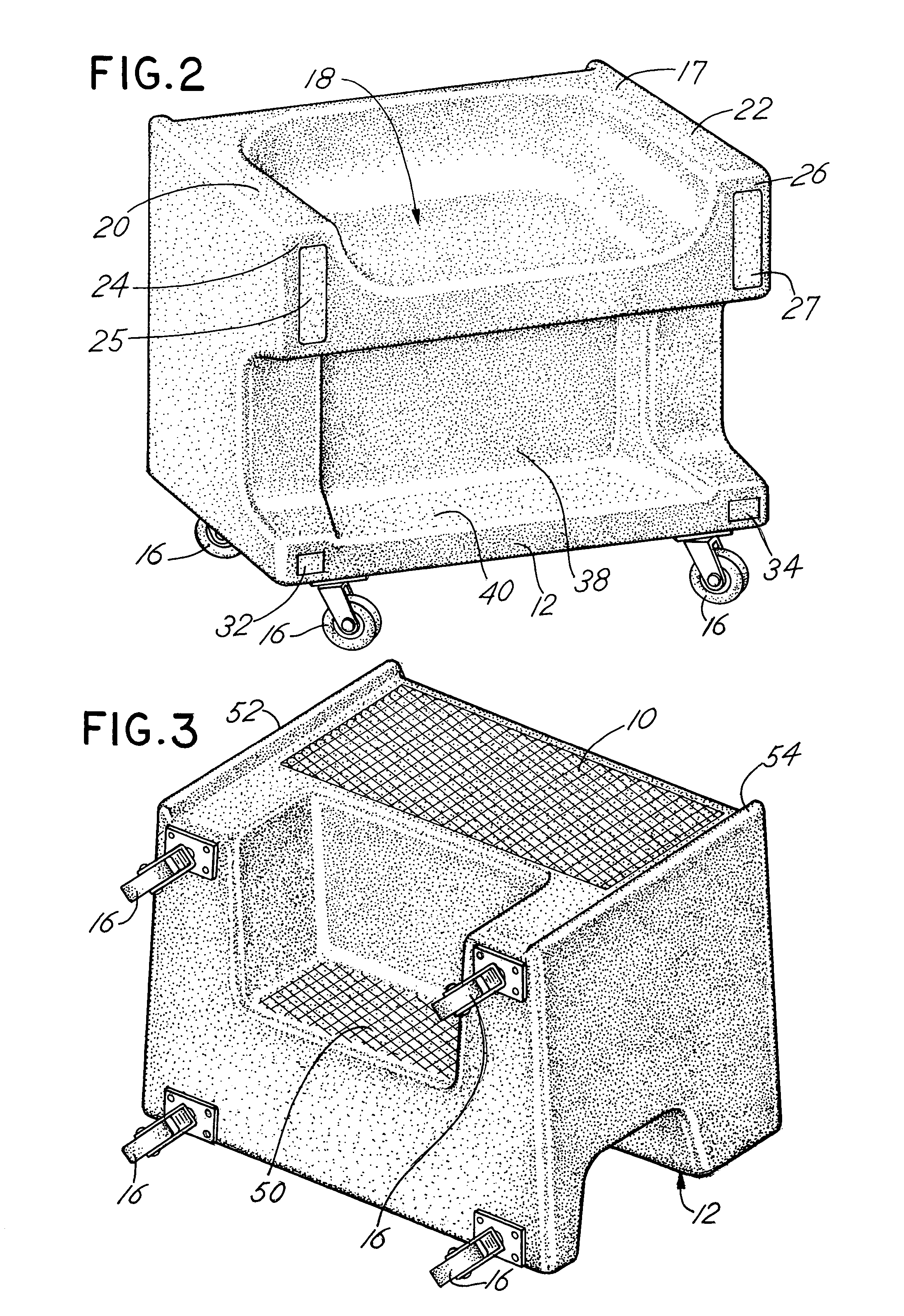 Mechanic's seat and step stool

———

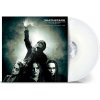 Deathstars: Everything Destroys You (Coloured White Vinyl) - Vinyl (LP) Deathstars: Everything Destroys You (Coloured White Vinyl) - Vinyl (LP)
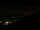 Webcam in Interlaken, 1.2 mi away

———

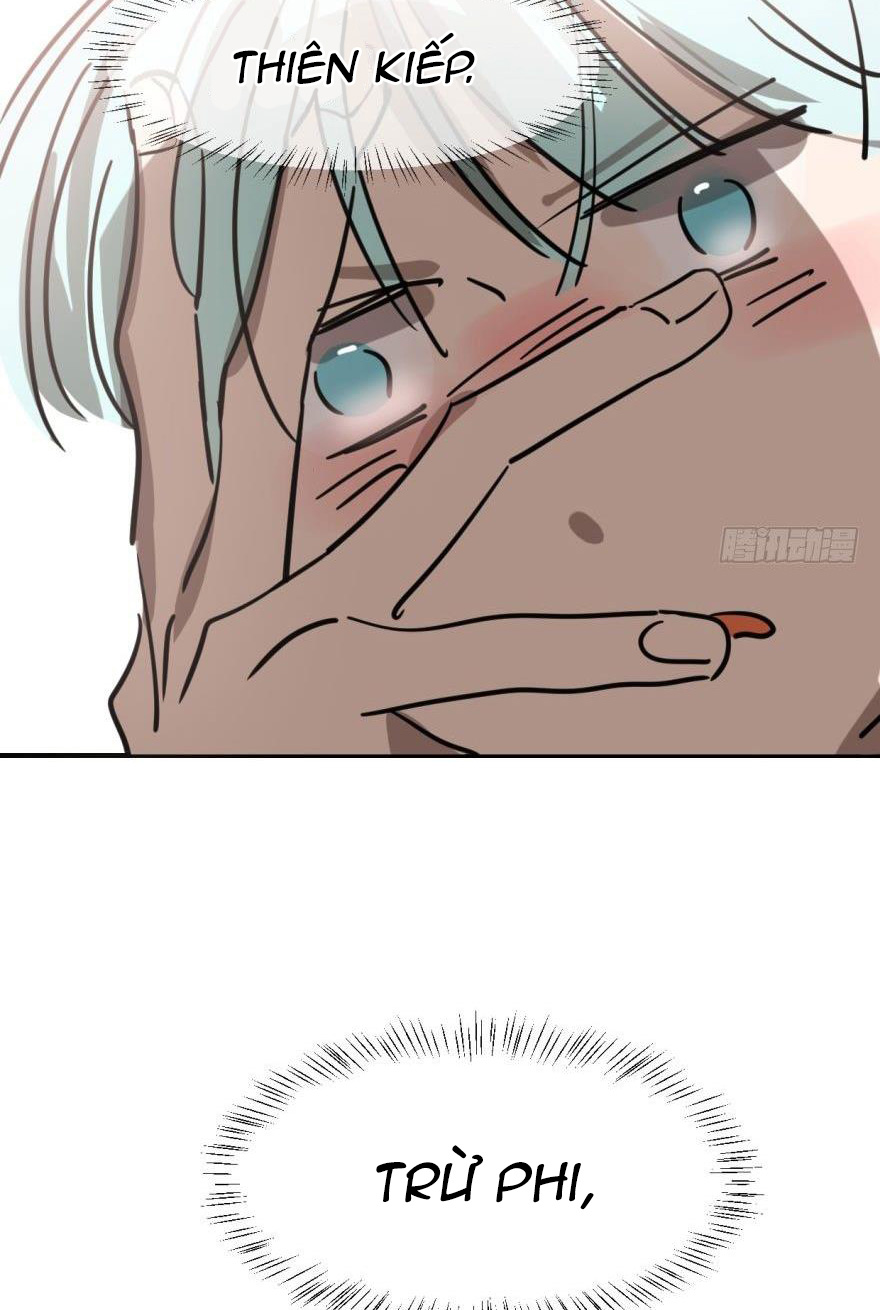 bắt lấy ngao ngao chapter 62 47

———

Copy out the listing above from the line containing "(LP) Deathstars: Everything" to the line containing "Webcam in Interlaken, 1.2 mi away", both included, exactly as written and minus the images.

 Deathstars: Everything Destroys You (Coloured White Vinyl) - Vinyl (LP) Deathstars: Everything Destroys You (Coloured White Vinyl) - Vinyl (LP)
 Webcam in Interlaken, 1.2 mi away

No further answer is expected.